A Message Chain Circulating among Investors Questions Methodology Utilized in Election Polling

Articles claim that electoral surveys have biased samples; Datafolha explains how its samples are selected

São Paulo

Two articles written in English circulating among investors groups on WhatsApp are critical of Datafolha. Two versions, one shorter –associated with American fund management firm NCH Capital– and the other longer –written in first person without a signature–, the chains conclude that investments shouldn’t be based on electoral polls because they are skewed.

Both articles are the work of James Gulbrandsen, investment manager for NCH Capital. He says that the longer version was shared with a friend in order to get his opinion on the subject and ended up getting leaked. While the second version, which carries the company’s signature, was a rough sketch of an internal study and also leaked out.

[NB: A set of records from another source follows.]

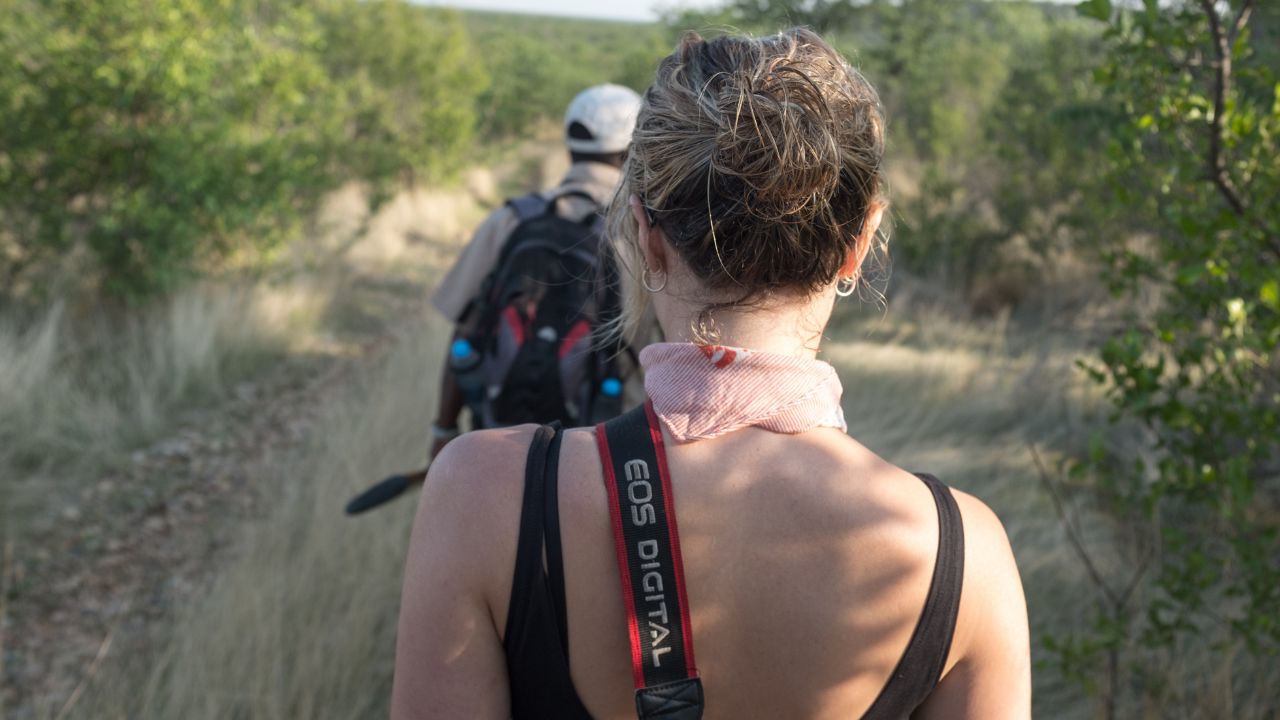 Photographer on walking safari during private photography session in desert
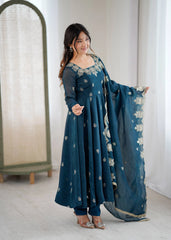 Woman wearing a teal embroidered outfit with a matching dupatta in a minimal indoor setting.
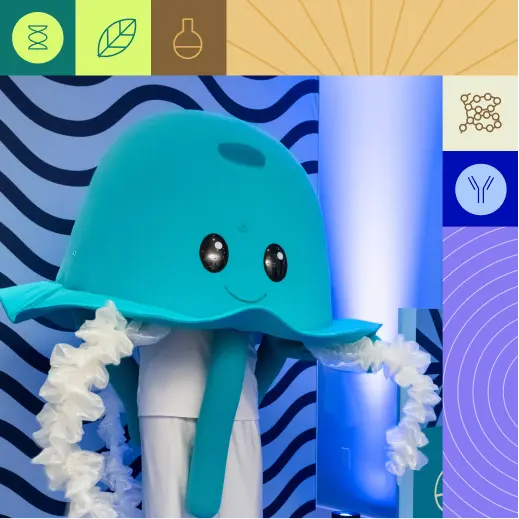 Blue jellyfish mascot with a large turquoise hat and white ruffled scarf posing in a bright, geometric backdrop.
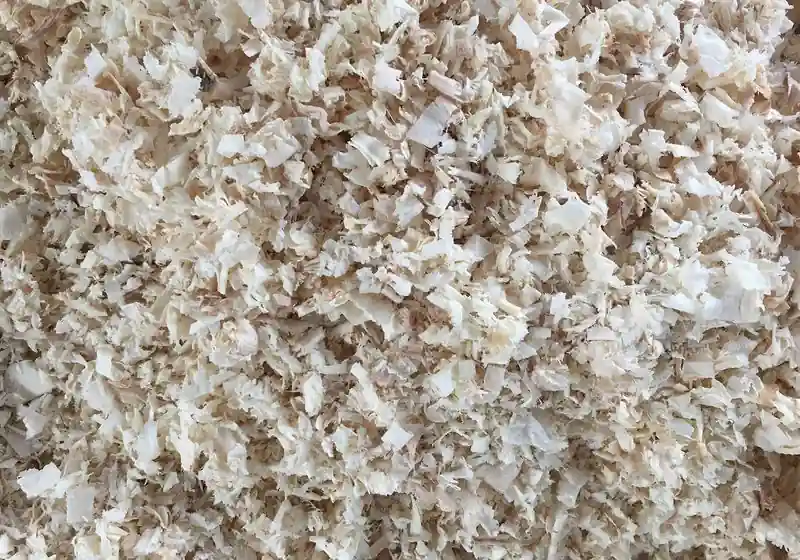 Loose pale wood shavings before compression and bagging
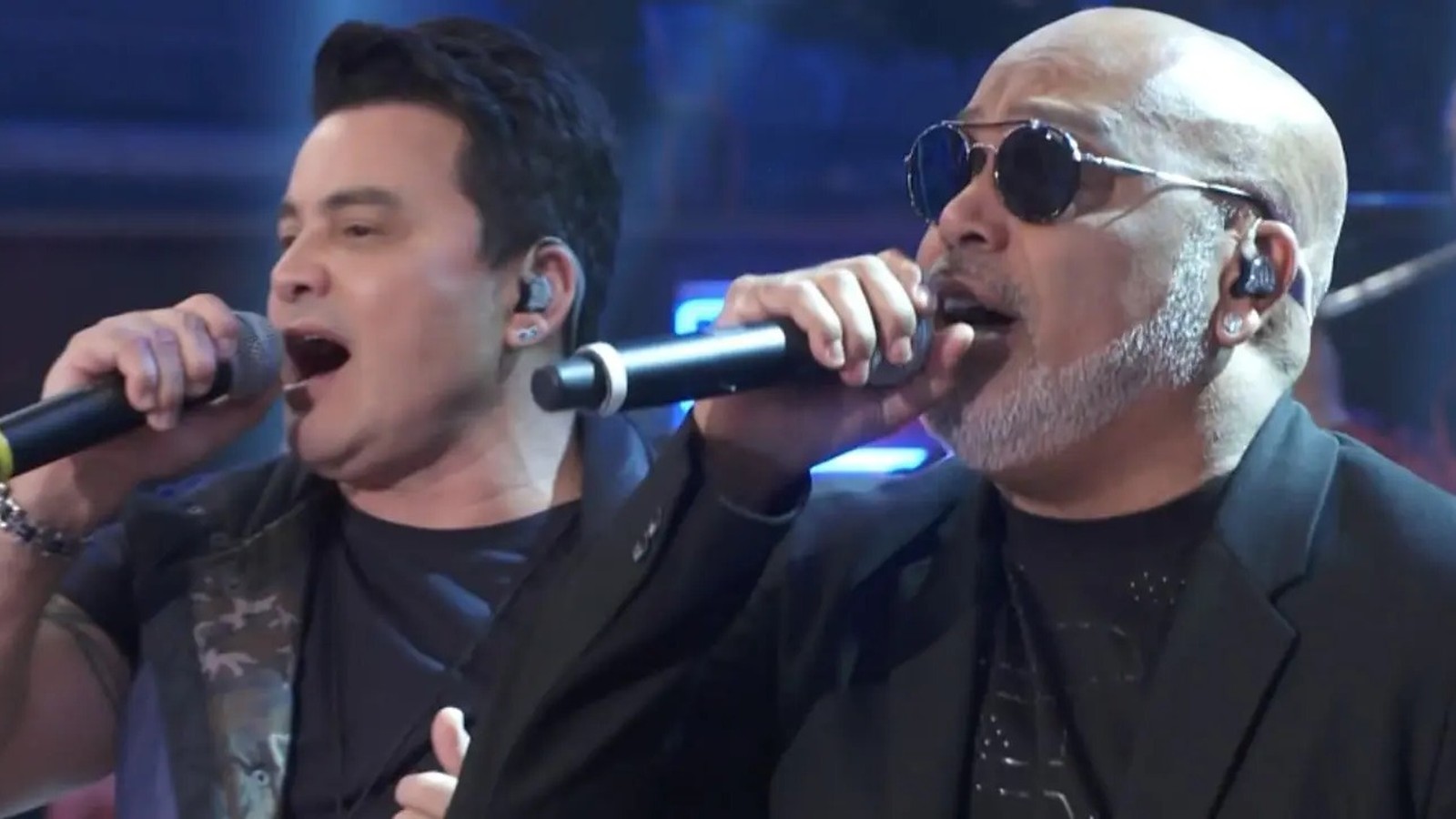 Dois homens cantando em microfones, o da direita com óculos escuros e barba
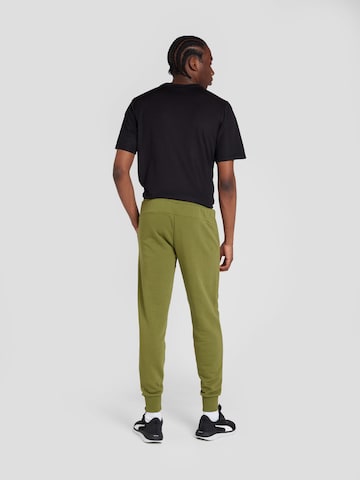 PUMA Tapered Sports trousers 'ESS+' in Green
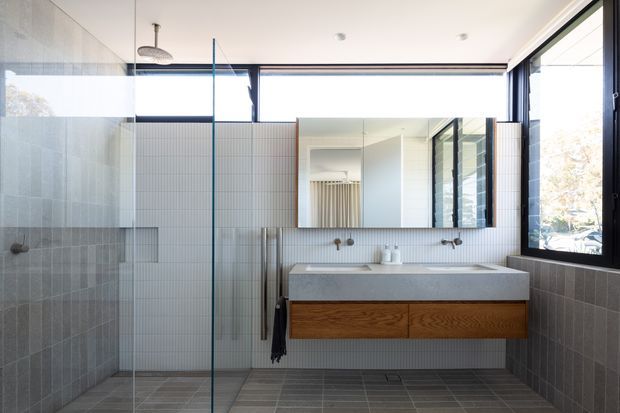 Bright contemporary bathroom with a floating double vanity, timber drawer cabinetry, wall-mounted basins and taps, large rectangular mirror, glass shower enclosure, and floor-to-ceiling windows. The room uses small-format vertical white wall tiles, dark grey floor and lower wall tiles, black window framing, and clean minimalist detailing.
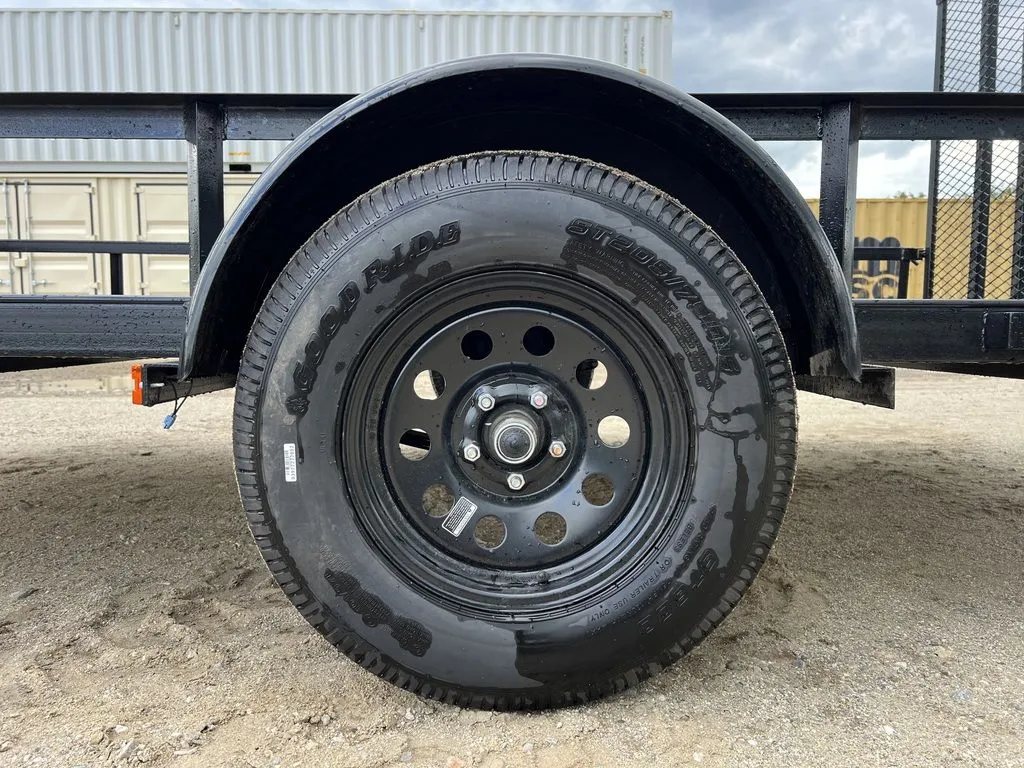 2024 Carry-On 12 ft Utility Trailer – Rear Ramp Gate – Close-up view of the black steel wheel and trailer tire under a fender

Brazilian electronic ballot box
Brazilian electronic ballot box - Pedro Ladeira/Folhapress

According to the manager, the articles don’t reflect the opinion of the company nor his own, since the data in question was still under analysis.

The articles claim that the electoral surveys include a biased weighting of the Northeastern population with income of up to two minimum salaries, include smaller relative percentages than the general population of people who define themselves as Catholics and Evangelicals and include a larger percentage of people who identify themselves with left-wing ideas. For Gulbrandsen, these sampling errors result in skewed surveys that favor candidates like Ciro Gomes (PDT Party) and Fernando Haddad (PT Party).

According to Datafolha statisticians, the concepts and techniques utilized in their electoral surveys are taken directly from accepted Sampling Theory. 

“The samples are representative of the populations being surveyed and are selected through statistical criteria, based on official sources such as IBGE (Brazilian Geographic & Economic Statistics Institute) and the TSE (Superior Electoral Tribunal)”, they explain.

After being contacted by a reporter from the Folha, Gulbrandsen released a new version of the article reaffirming that the surveys are based on skewed samples and reiterating the arguments used in the previous articles.

For this investment fund manager, who makes it clear that his opinion isn’t that of NCH Capital itself, it is imprudent for investors to base financial decisions on electoral surveys. “I don’t want to offend the statisticians, but their results may be completely irrelevant”, he says.

Gulbrandsen also questioned the political bias of Datafolha, the Folha and UOL, all companies from the Folha Group, saying that they have “leftist leanings”.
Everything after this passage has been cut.